Exact reproduction of the data is required, with images excluded.

Captioned web images:
.....
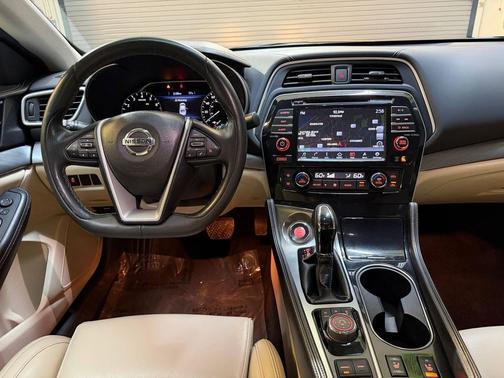 Super Black 2018 Nissan Maxima 3.5 SV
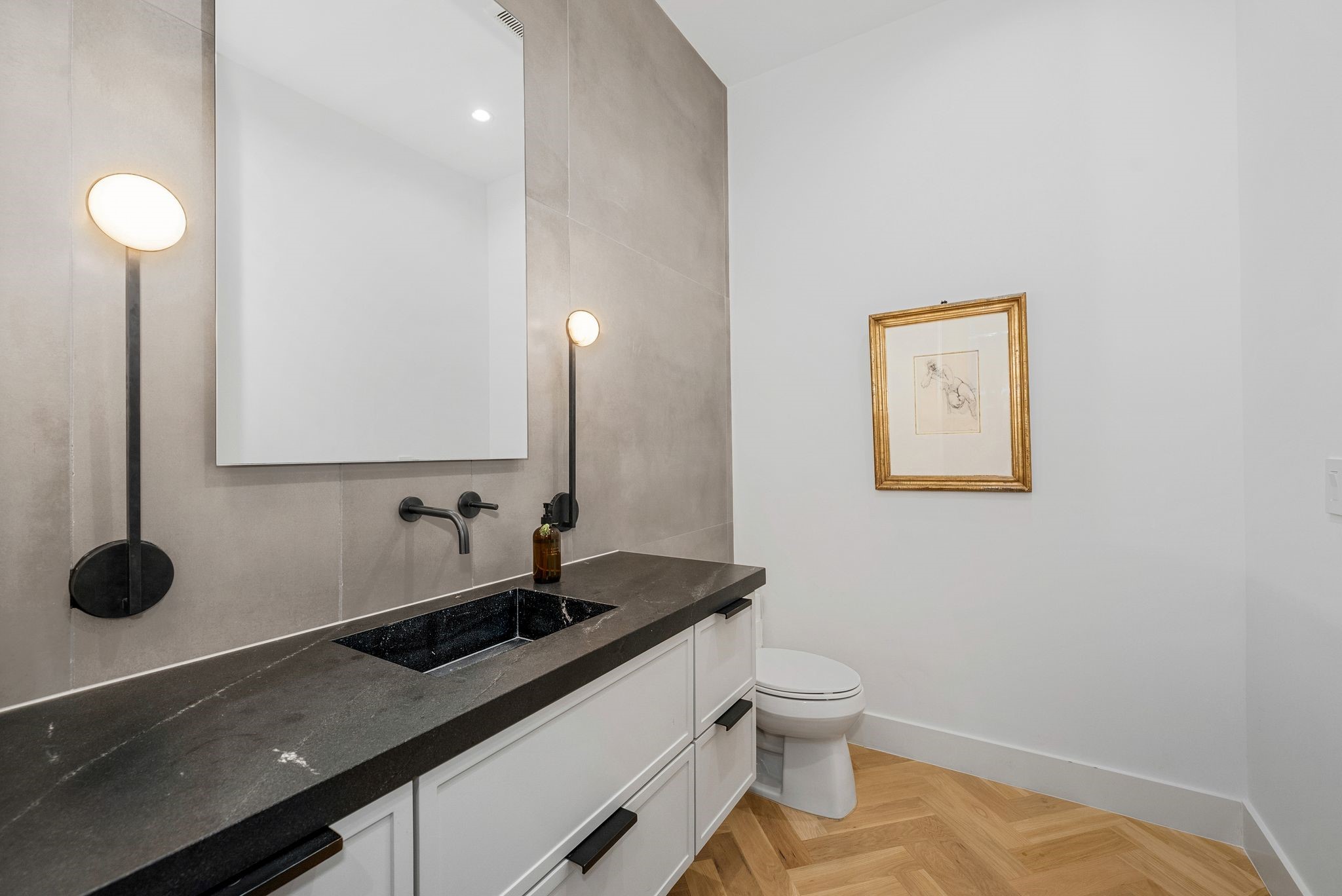 4214 Hawthorne Avenue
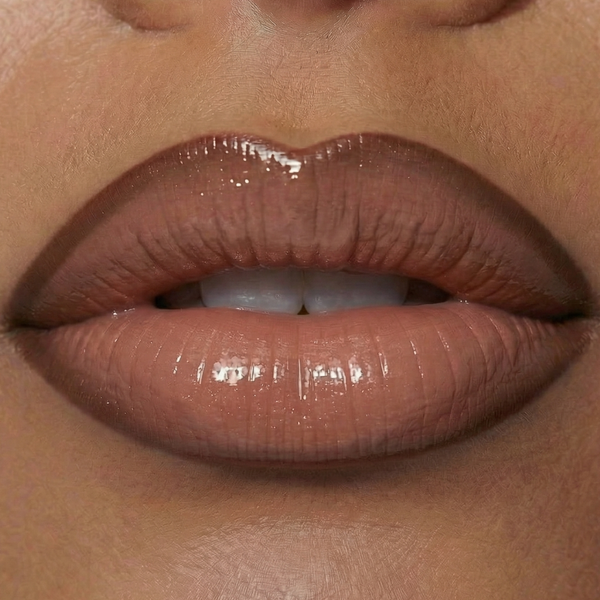 Paired with The Ultra-Hydrating Liquid Lipstick (Shade Nude)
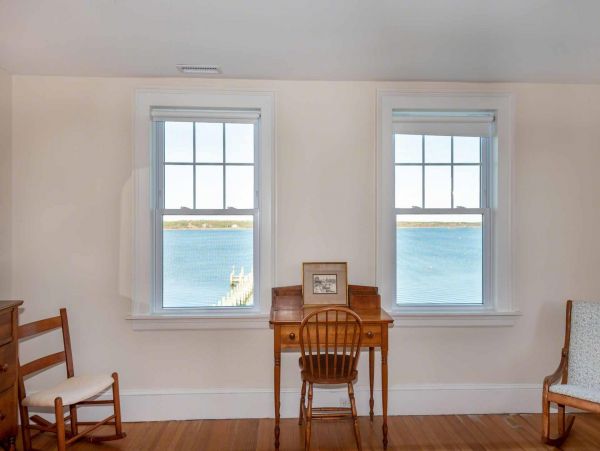 Cape Cod Home 994538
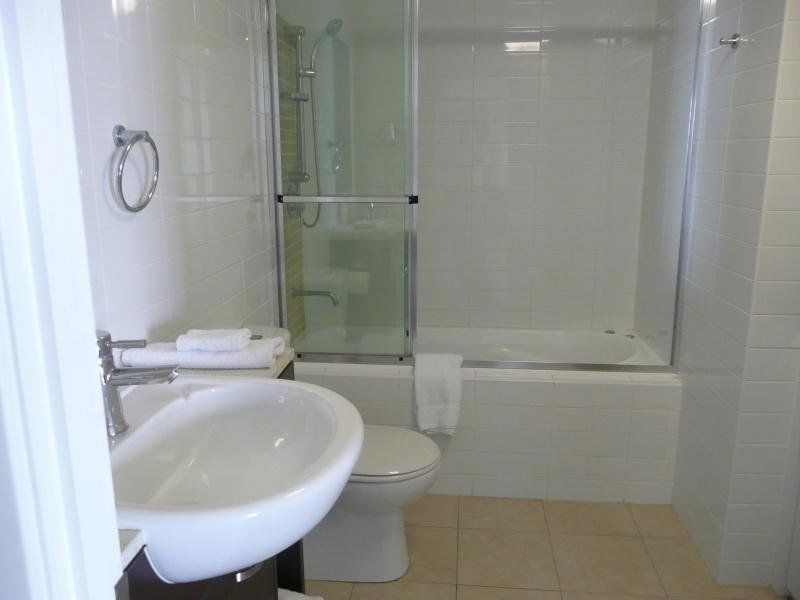 602/2893-2903 Gold Coast Hwy, Surfers Paradise QLD 4217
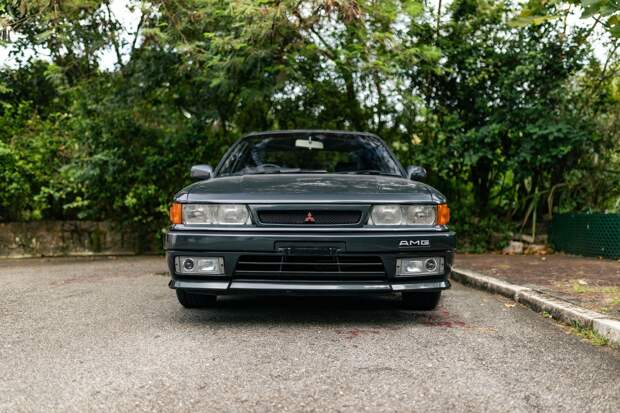 Mitsubishi Galant AMG — японская классика с немецкими мускулами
.....
Answer to this problem =>
 Super Black 2018 Nissan Maxima 3.5 SV
 4214 Hawthorne Avenue
 Paired with The Ultra-Hydrating Liquid Lipstick (Shade Nude)
 Cape Cod Home 994538
 602/2893-2903 Gold Coast Hwy, Surfers Paradise QLD 4217
 Mitsubishi Galant AMG — японская классика с немецкими мускулами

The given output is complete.